Selanjutnya, kata dia, untuk sektor lainnya di luar dari sektor ketenagalistrikan, diharapkan bisa secara paralel bersiap guna mencapai target pengurangan emisi karbon yang ditetapkan. Artinya, sektor lainnya itu bisa memulai menyusun inisiatif guna mendorong bauran emisi karbon.

“Disisi lain juga sektor lain secara paralel akan siapkan bagaimana target inisiatif untuk capai hal itu.
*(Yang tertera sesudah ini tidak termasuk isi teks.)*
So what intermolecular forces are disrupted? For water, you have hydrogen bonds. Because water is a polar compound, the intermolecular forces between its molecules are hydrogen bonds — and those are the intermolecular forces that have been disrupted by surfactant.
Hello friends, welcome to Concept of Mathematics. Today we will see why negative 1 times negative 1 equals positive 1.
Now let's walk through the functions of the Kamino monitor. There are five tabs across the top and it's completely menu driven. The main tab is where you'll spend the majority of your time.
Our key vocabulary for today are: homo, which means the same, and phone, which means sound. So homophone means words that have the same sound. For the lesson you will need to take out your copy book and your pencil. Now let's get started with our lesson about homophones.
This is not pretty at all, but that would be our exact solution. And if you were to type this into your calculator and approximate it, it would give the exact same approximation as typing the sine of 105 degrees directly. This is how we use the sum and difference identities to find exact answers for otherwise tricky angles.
BKI (Biro Klasifikasi Indonesia) juga kita harapkan bisa melakukan follow up dari inisiatif tahun lalu. Dulu kita lakukan holding perusahaan survey, dimana BKI menjadi holding dan tugas utama BKI selain dari selama ini tentu perlu dilakukan di sektor green energy ini,” katanya.
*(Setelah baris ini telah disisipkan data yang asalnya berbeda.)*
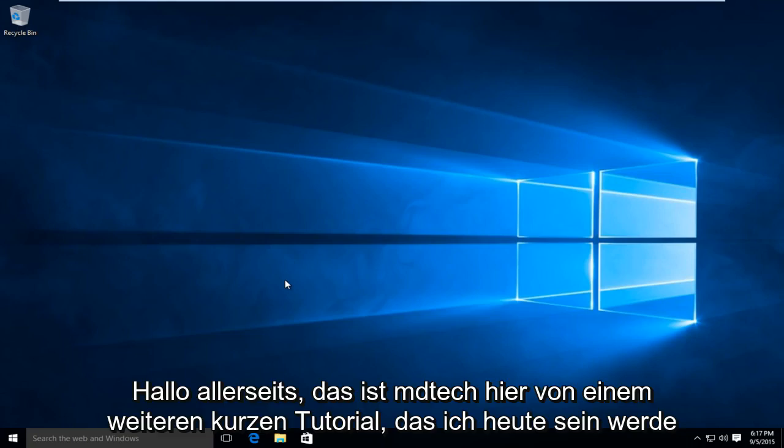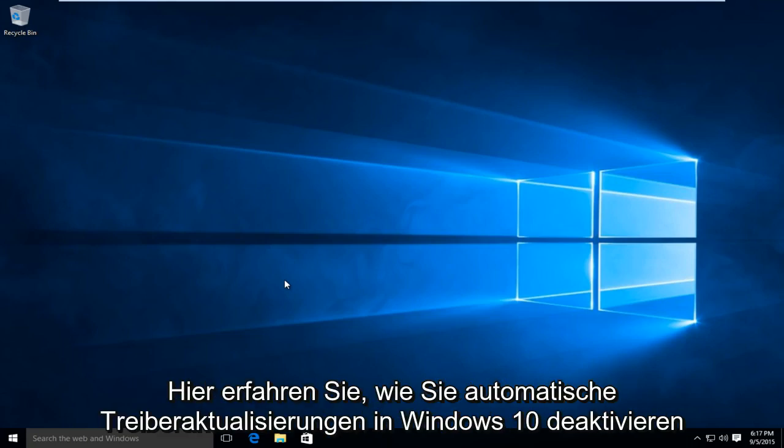Hello everyone, this is MD Tech here with another quick tutorial. Today I'll be showing you how to disable automatic driver updates in Windows 10.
“Karena dekarbonisasi ini adalah perubahan signifikan yang perlu biro klasifikasi yang mampu membantu menilai ‘berapa sih emisi yang dihasilkan dan kalau ada inisiasif itu ada berapa, hasilnya apa?’” tambah Pahala.

Pada kesempatan yang sama, Deputi Bidang Koordinasi Pegelolaan Lingkungan dan Kehutanan Kementerian Koordinator bidang Kemaritiman dan Investasi, Nani Hendiarti mengatakan akan mulai menerapkan perdagangan karbon pada April 2022.

Namun, belakangan waktu penerapan perdagangan karbon ini ditunda oleh pemerintah. Sementara Pajak Karbon diketahui akan mulai berlaku pada 1 Juli 2022.

 


Pajak Karbon

Ilustrasi emisi karbon (unsplash)

Pemerintah akan menerapkan pajak karbon pada 1 Juli 2022 mendatang. Kementerian Energi dan Sumber Daya Mineral (ESDM) mengklaim penerapan ini bukan sebatas meningkatkan penerimaan negara saja, namun meningkatkan bauran energi baru terbarukan (EBT).

Direktur Jenderal Energi Baru Terbarukan dan Konservasi Energi (EBTKE) Kementerian ESDM Dadan Kusdiana menyebut penerapan pajak karbon bagi pembangkit listrik tenaga uap itu memberikan peluang. Misalnya guna melirik dalam pemanfaatan energi lain.

“1 Juli 2022 kita akan menerapkan pajak karbon kepada PLTU, dan kita ingin (PLTU) memanfaatkan energi lain,” katanya dalam Bincang-Bincang Indonesia EBTKE ConEx 2022, Kamis (2/6/2022).

Di samping itu, Dadan memandang saat ini berbagai negara tengah memiliki konsentrasi dalam peralihan penggunaan EBT dari pembangkit listriknya. Beberapa diantaranya juga akan meningkatkan besaran pajak karbonnya.

“Kita berharap program itu tak jadi bayar pajak saja. Beberapa negara lain memang mulai perhatian kesana (pemanfaatan energi baru terbarukan), Singapura akan meningkatkan besaran pajak karbon,” katanya.

Turunkan Emisi Karbon

Dengan demikian, ia menegaskan penerapan pajak karbon yang awalnya direncanakan diterapkan pada 1 April ini bertujuan untuk menurunkan emisi karbon.

“Tujuan kita bagaimana menurunkan emisinya, bukan semata-mata untuk penerimaan negara,” kata dia.

Perlu diketahui, pengenaan pajak karbon ditujukan untuk semua aktivitas yang menghasilkan gas CO2. Namun pemerintah juga menetapkan ambang batas pelepasan emisi karbon. Perusahaan tidak akan dikenakan pajak karbon jika emisi yang dilepaskan masih dibawah batas yang ditentukan kemudian.

Pajak karbon secara keseluruhan disebut akan efektif berlaku pada 2025 mendatang. Namun, pada tahap awal akan diberlakukan untuk sektor pembangkit yang menggunakan batu bara sebagai tenaganya.